Idiomatic way to represent bytecode

Hello, I am working through Crafting Interpreters and I’m re-implementing the interpreter in Rust. If you’re curios, here is the repo.

After implementing a tree-walk interpreter now it’s time to compile Lox to bytecode and run it in a VM. In the book, a chunk of instructions is represented by

typedef struct {
  uint8_t* code;
  ValueArray constants; // This is a pool of constant values 
} Chunk;

which has a void writeChunk(Chunk* chunk, uint8_t byte) function used to append a byte to it. For now it has only two instructions:

  • OP_RETURN and
  • OP_CONSTANT, which is always followed by another byte representing the index of the constant in the constant pool.

In Rust, I’d represent the opcodes I have with an enum:

enum OpCode {
    Return,
    Constant(u8),
}

And I’d represent a chunk with:

struct Chunk {
    code: Vec<OpCode>,
    constants: Vec<f64>,
}

This would work, but code would take more space than necessary because the size of OpCodes is 2.

Since I’m working on a toy project this is not an issue at all, but I was wondering what would be the most idiomatic approach to have a nice API that uses OpCode without ‘wasting’ space.

I can think of a solution where I change Chunk to be closer to the C struct:

struct Chunk {
    code: Vec<u8>,
    constants: Vec<f64>,
}

impl Chunk{
  fn write(&mut self, op: OpCode) -> (){
    // TODO: Convert op to the bytecode and add it to the vector
  }
  // TODO: add a function that iterates over chunk and returns
  // something implementing Iterator with Item=OpCode
}

Would that be idiomatic Rust or can I do something better?

1 Like

I think both are idiomatic just tailored/optimized differently. Note that the discriminant storage will amortize itself out some once you start adding more discriminants but of course it won’t beat raw byte storage. And you can potentially start hyper optimizing by packing op codes into bits of the byte stream to get more information density :slight_smile:.

The “right” one would depend on how the rest of the VM looks and what it needs to optimize for.

2 Likes

@mariosangiorgio

As I understand you want to work with code: Vec<u8>, iterpreting code byte by byte, take two bytes if current value is Constant and one byte if Return?

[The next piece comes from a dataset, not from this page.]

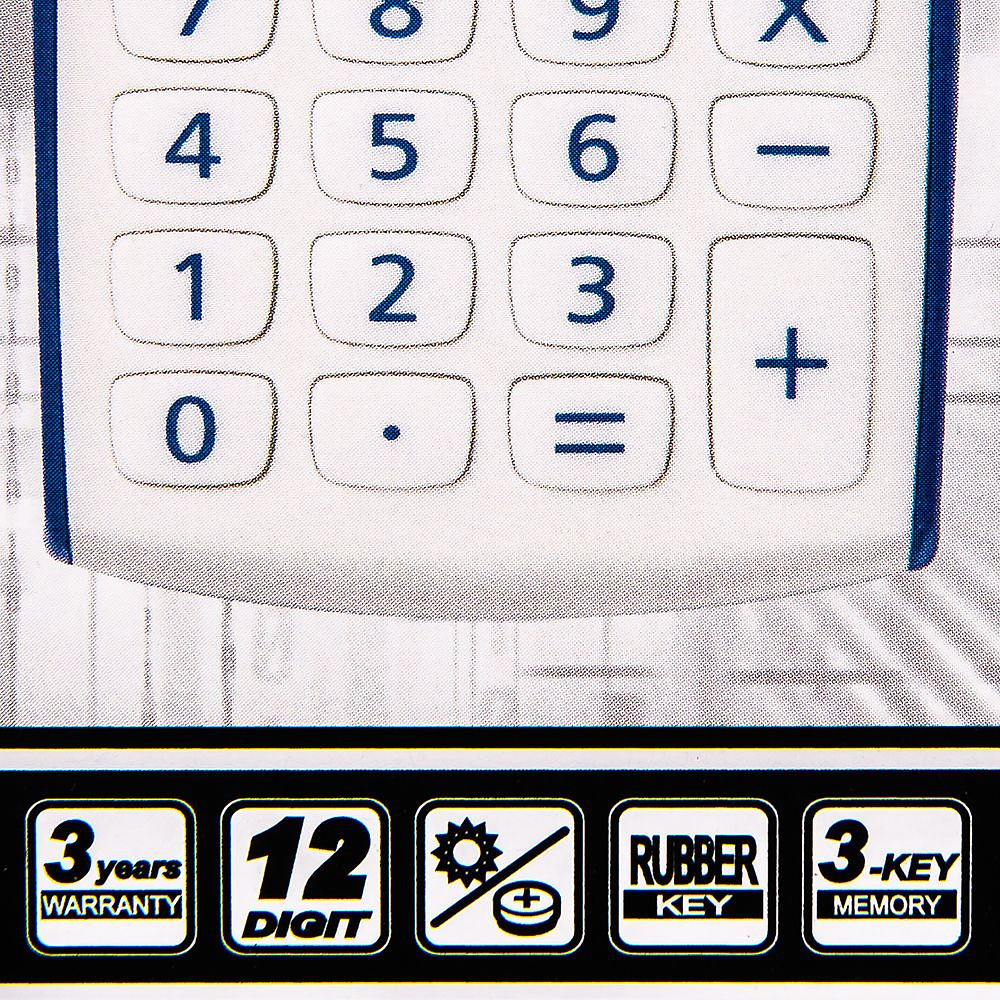 Калькулятор карманный Rebell "SHC312+BL", 12-разрядный, белый - 3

Then I suppose you can look at String which internally uses utf-8, which consept is similar to what you want.
It provides char iterator to work with character,
so you may hold data in Vec<u8>, and give to user iterator that return enum OpCode

Is there any way to represent this bytecode compactly and using it in a efficient way for dispatch? As far as I know, Rust compiler is optimizing enum matches better when all of the variants are handled. At least it is capable of that, because language reference considers invalid values for enums as an Undefined Behaviour. I can use an [u8] for bytecode and handle every bytecode by hand, but I have to handle unused integers with a _ => (), which is unnecessary for me. Maybe using an unreachable_unchecked will make compiler ignore unused branches.

Also, Rust doesn't have goto and I was not able to find any way of using computed gotos for dispatching. Maybe Rust is not a good language for making fast interpreters yet.

Any interpreter that is worth the "fast" qualifier nowadays wouldn't be a bytecode interpreter, it would be a JIT, one that generates native code and optimizes it on the fly. That is possible (and approximately equally painful) in any sufficiently low-level language that provides access to raw memory and something like mprotect() – Rust is no exception.

Trying to use "computed GOTOs" and "threaded interpreters" and stuff like that is a slice of the past. It won't result in significant speedups. (I guess an interpreted language could get way more speedup by being typed and thus not having to reference count/GC primitive types all the time.)

If you want to write a toy bytecode interpreter for learning purposes, that's fine, and I'd recommend you go with the cleanest, highest-level approach which is probably enums. Don't bother with micro-optimizations, they are not going to pay off. If you need a fast interpreted language, use a modern JIT-ing JavaScript engine.

1 Like